Vaya por delante, que si pudiera elegir, preferiría que mis hijos no acabasen siendo árbitros o liniers. Por egoísmo, por no sufrir principalmente. Desde Tercera RFEF hasta Primera División, asistir a un partido de fútbol es sinónimo de vomitar toda serie de barbaridades contra el colectivo arbitral. En eso hemos convertido a este deporte. En eso y en una espiral de desconfianza, suspicacia y escepticismo. La duda siempre sobrevuela cualquier decisión, incluso las acertadas.

Los errores son al deporte, lo mismo que el chocolate a los churros o los resfriados al mes de octubre, intrínseco. Deberíamos poder convivir con el error, de los árbitros, de los entrenadores, de los jugadores, de los periodistas, de todos.

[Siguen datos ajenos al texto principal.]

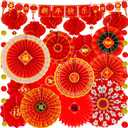 Winlyn 20 Pcs Bulk Chinese New Year Party Decorations Chinese Red Lanterns Oriental Hanging Lucky Paper Fans New Year Banner for Asian Lunar New Year The Year of Snake Festival Wedding 2025 Decor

De la misma forma que todos llevamos un seleccionador dentro, también llevamos por defecto el carnet de árbitro que paseamos por los estadios, los bares o presumimos de él en el sofá de casa.

El error es aceptable y comprensible, lo que no es entendible es la falta de libertad de expresión que hay en el fútbol para hablar de los árbitros. Existe una falta de comunicación exageradamente censurada que está alejando a los aficionados de este deporte, y eso que se supone que el fútbol es de los fans. La falta de comunicación no solo por parte del propio organismo arbitral, sino la prohibición y la censura que existe en torno a jugadores y entrenadores ha desembocado en una situación insostenible. “Si digo lo que pienso me sancionan”, es la frase más repetida para los que no quieren hablar en caliente.

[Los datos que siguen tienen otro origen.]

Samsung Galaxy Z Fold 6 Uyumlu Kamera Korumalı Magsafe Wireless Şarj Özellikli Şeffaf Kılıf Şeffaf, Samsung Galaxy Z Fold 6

Este pasado fin de semana tuvimos un par de ejemplos de los que se muerden la lengua y los que no. David López se desahogó contra Ortiz Arias, al que acusó de faltarle al respeto e insultarle por llevar una pulsera (está prohibido llevarla). “Todos los jugadores de Primera estaremos de acuerdo. Ya lo conocemos. No se puede trabajar así”. Veremos cuántos partidos le caen al central del Girona después de sus declaraciones.

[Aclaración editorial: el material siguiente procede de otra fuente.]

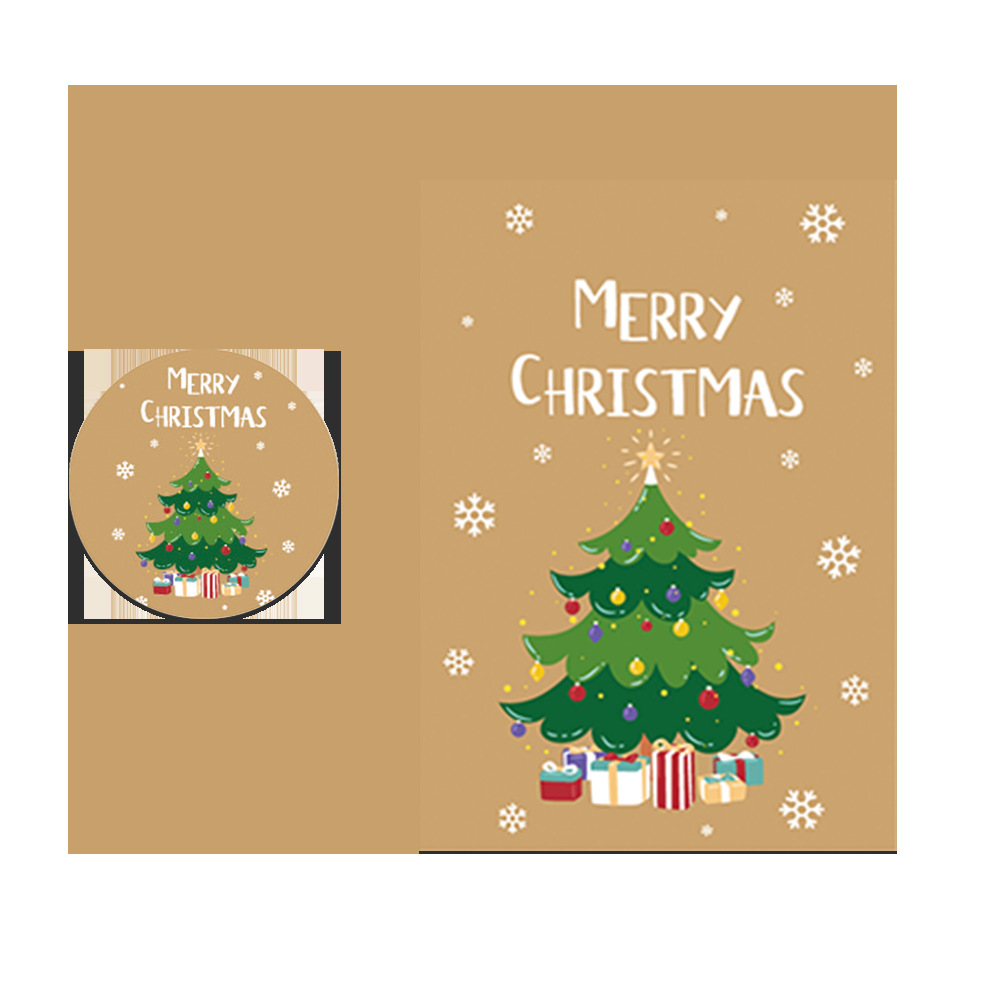 24 Stück Weihnachtsgeschenktüten Süßigkeitentüten Frohe Weihnachten Adventskalender Zahlen Aufkleber Kraftpapier Box Verpackungsbeutel – Detail 6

El otro ejemplo, del que habla, pero sin querer hablar, lo puso Carlo Ancelotti a propósito del empate del Real Madrid ante el Sevilla en el Ramón Sánchez Pizjuán. “Algunas veces nos han perjudicado, pero no tengo libertad de expresión hablando de los árbitros, porque si digo lo que pienso me suspenden y yo quiero trabajar, aprovechar las emociones que me dan los partidos. En este sentido no tengo libertad para contestar preguntas”.

Los indignados con las decisiones arbitrales suelen dividirse en dos grupos: Madrid y Barça. O con ellos, o contra ellos. Solo hay dos clases de árbitros: culés o madridistas. Ninguno de los dos equipos se siente favorecido. Los demás siempre son anti. Y en tres días hay un Clásico. Casi nada.

La superioridad moral de algunos colegiados con los que no se puede hablar por el simple hecho de llevar un silbato, contrasta con otros deportes. El mejor ejemplo lo tenemos en el balón naranja. En baloncesto existe un diálogo constante entre colegiados y jugadores o entrenadores. Aunque lo que más me fascina es la posibilidad de escuchar lo que dicen los árbitros durante todo el partido. Esto pasa gracias a la predisposición de ir microfonados. Se les escucha a ellos y a los jugadores. No tienen reparo en rectificar o en reconocer un error. En el mundo del fútbol, hacerlo sería motivo de cese. A eso ha contribuido la falta de transparencia del colectivo arbitral. Nadie se fía de nadie.